26 мая 1994 года толпу ожидавших Солженицына корреспондентов выпустили на летное поле Владивостокского аэропорта. Случилась невероятная давка, девушки в кокошниках еле пробились к Александру Исаевичу, и ему с трудом удалось поцеловать хлеб-соль.
Из Владивостока Солженицын поехал по стране на поезде. За 55 дней своего путешествия он побывал во многих областях России, собрав "целую коллекцию воплей и слез". Он говорил с русской провинцией на одном с ней языке - на языке боли.
   Но Москва встретила его настороженно. Пресса высмеивала и принижала поездку.
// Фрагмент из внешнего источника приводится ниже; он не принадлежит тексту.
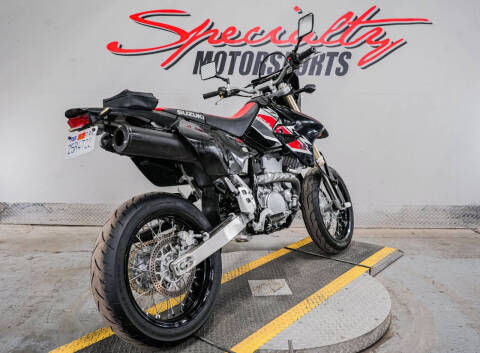 2022 Suzuki DR-Z400SM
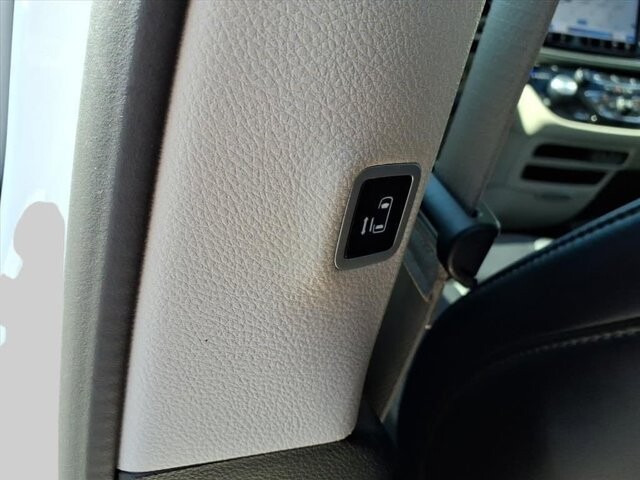 2024 Chrysler Pacifica in Winchester, VA 22602 - 18104175 15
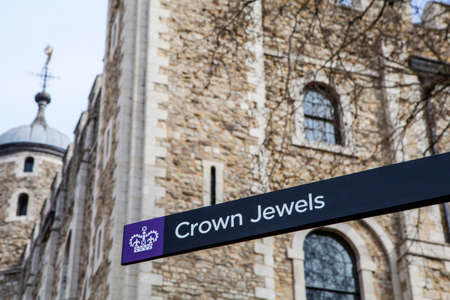 A sign pointing towards the location of the Royal Crown Jewels at the Tower of London.のeditorial素材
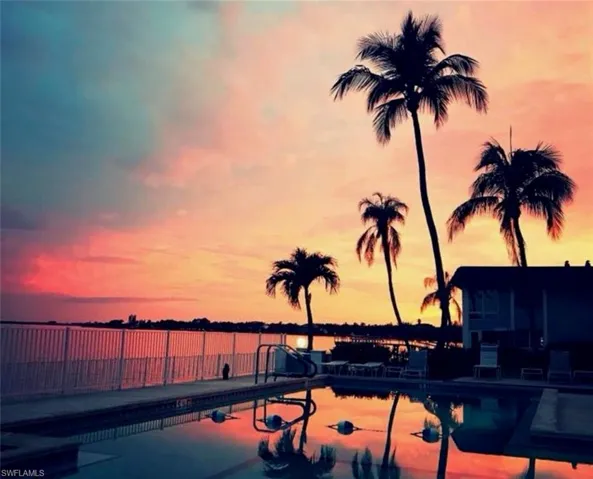 Don't forget the amazing & epic waterfront sunsets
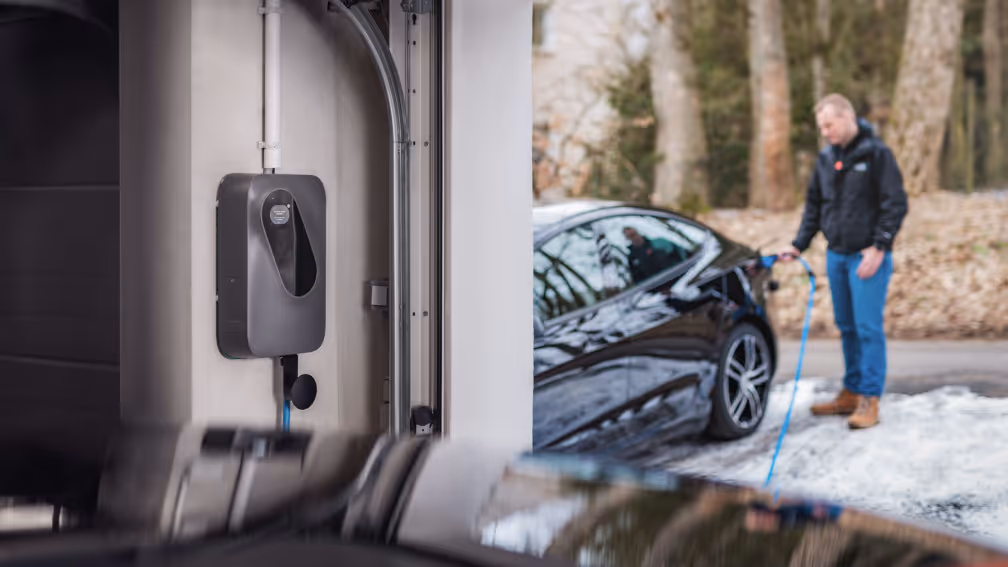 Mario Schuld lädt mit dem sonnenCharger sein E-Auto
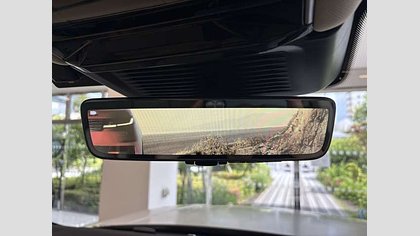 Range Rover 25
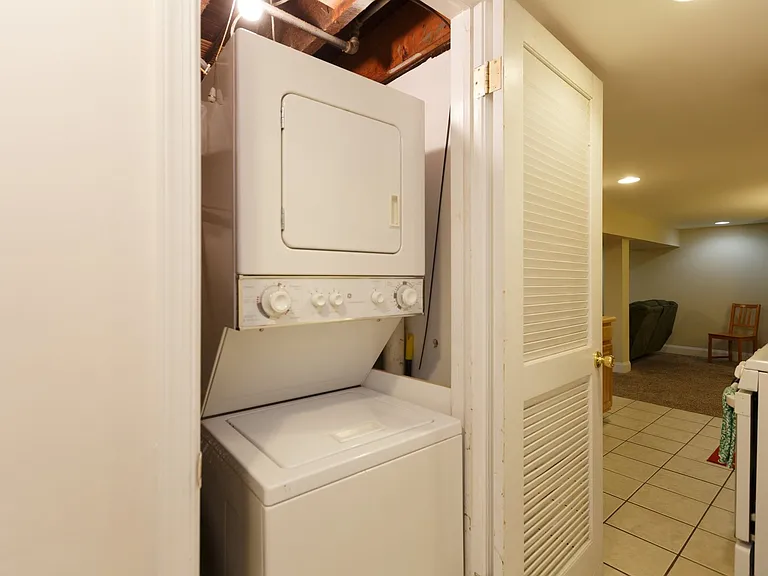 435 Manor Pl NW — Photo 18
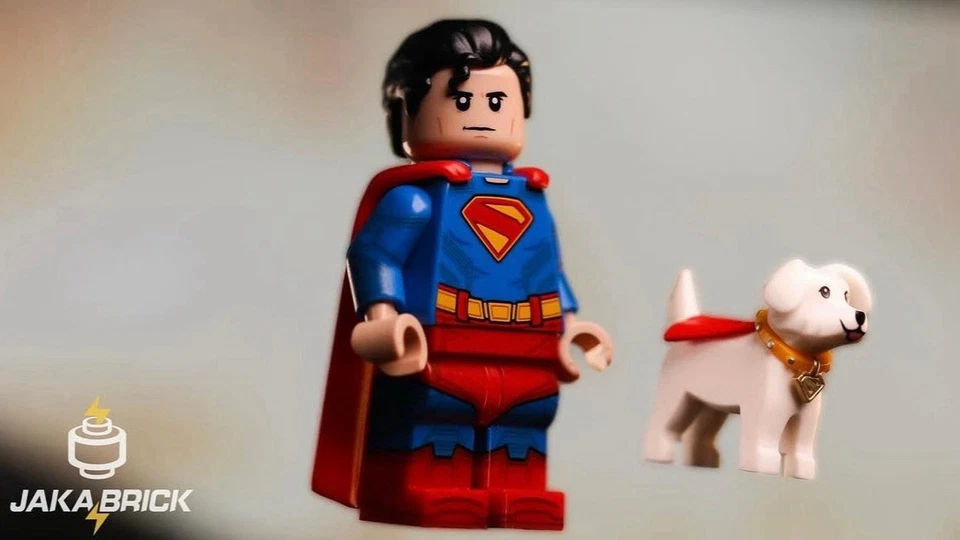LEGO DC Comics Jaka Brick Super Savior & Cheeky Canine Superman Minifigure NEW - Image 1 of 4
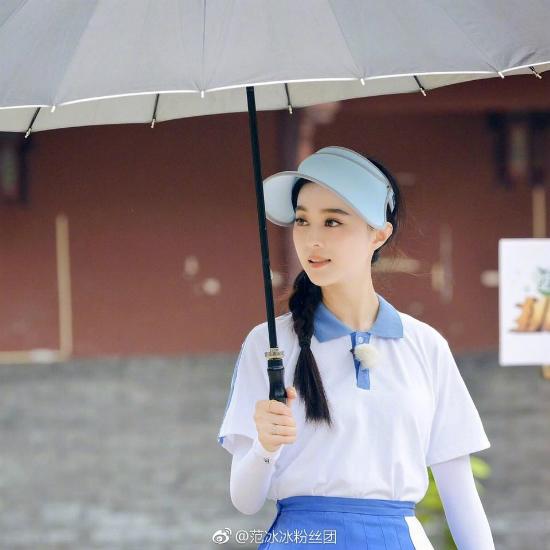 Giữ gìn làn da trắng sứ, loạt sao dùng đủ mọi cách để che chắn nắng! - 1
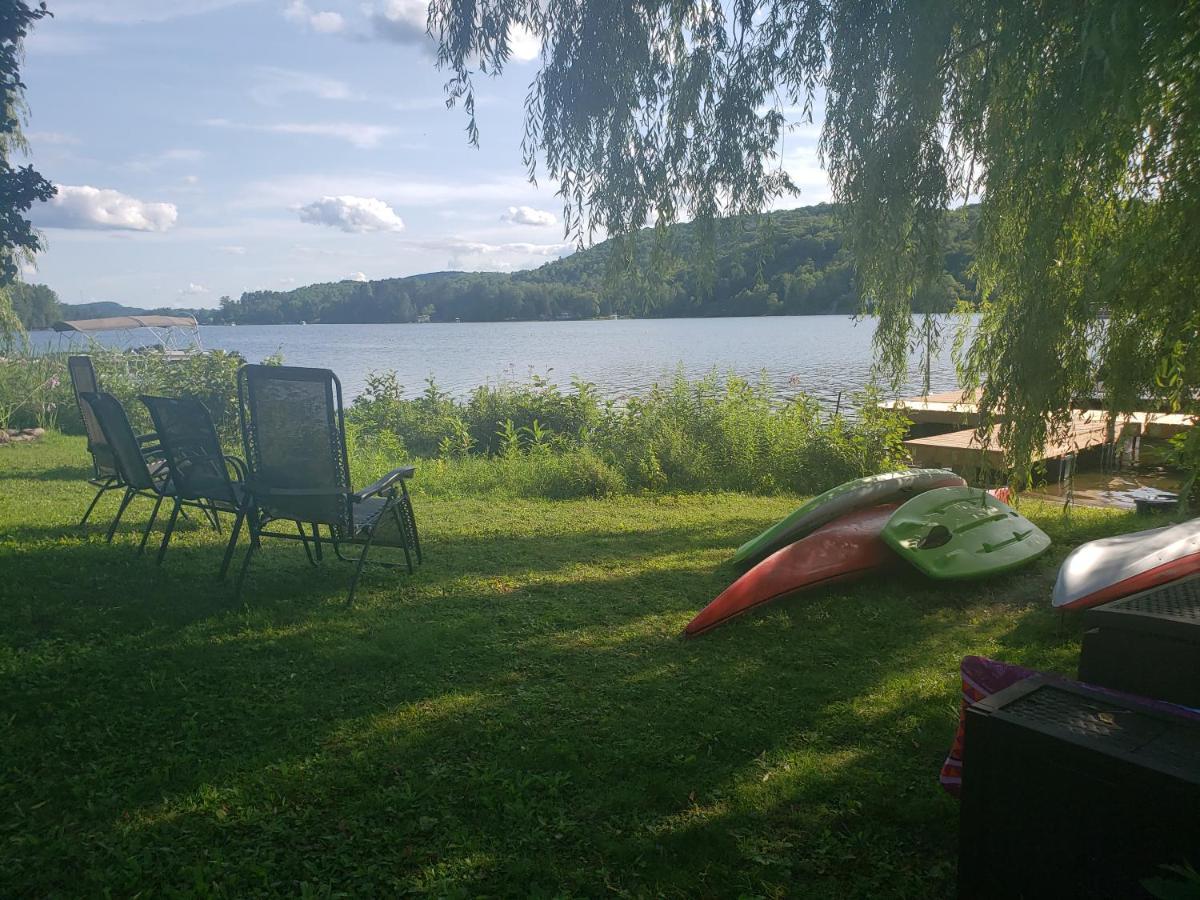 Le Nid doré sur le lac  Val des Monts Extérieur photo
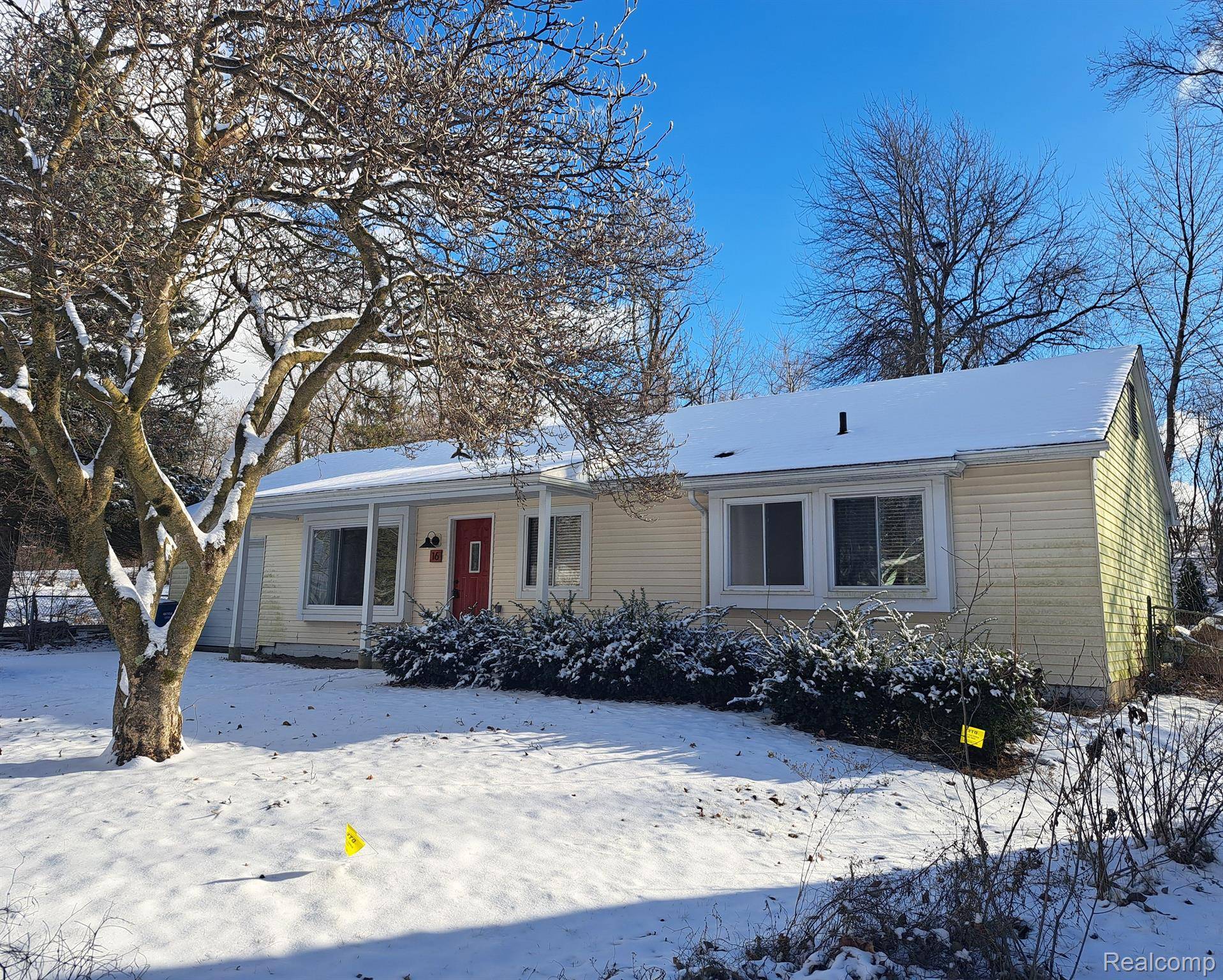16 JAY LEE CT, Ann Arbor, MI 48108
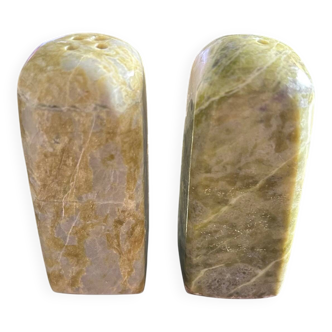 Salière et poivrière en marbre du Connemara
Киселев стращал в "Итогах": в Москву едет русский националист. Аксёнов назвал возвращение Солженицына "переездом с одной дачи на другую". Жириновский твердил, будто Солженицын действует по сценарию ЦРУ. Нуйкин жалел человека, который не осознает, что не соответствует нынешней ситуации, "да никому и не нужен". Новодворская рекомендовала ему не к народу ходить, а срывать красные звезды с Кремля. Зюганов, на всякий случай, сделал заявление: будущий президент должен быть молодым и здоровым. Да и вообще, кто он такой, чтобы "обустраивать Россию?"
   Он пытался донести до страны то, что мучило его самого, но передачу "Встречи с Солженицыным" скоро убрали из эфира. Он говорил Думе: Россия в беде. Дума шуршала кроссвордами, бегала перекуривать и снисходительно похлопывала в ладоши.
Зато на улице Солженицына ждали простые люди. Они подходили и просили разрешения пожать руку. Или улыбались и просто шли рядом. А одна женщина тихо сказала: "Вы спасли честь русского писателя".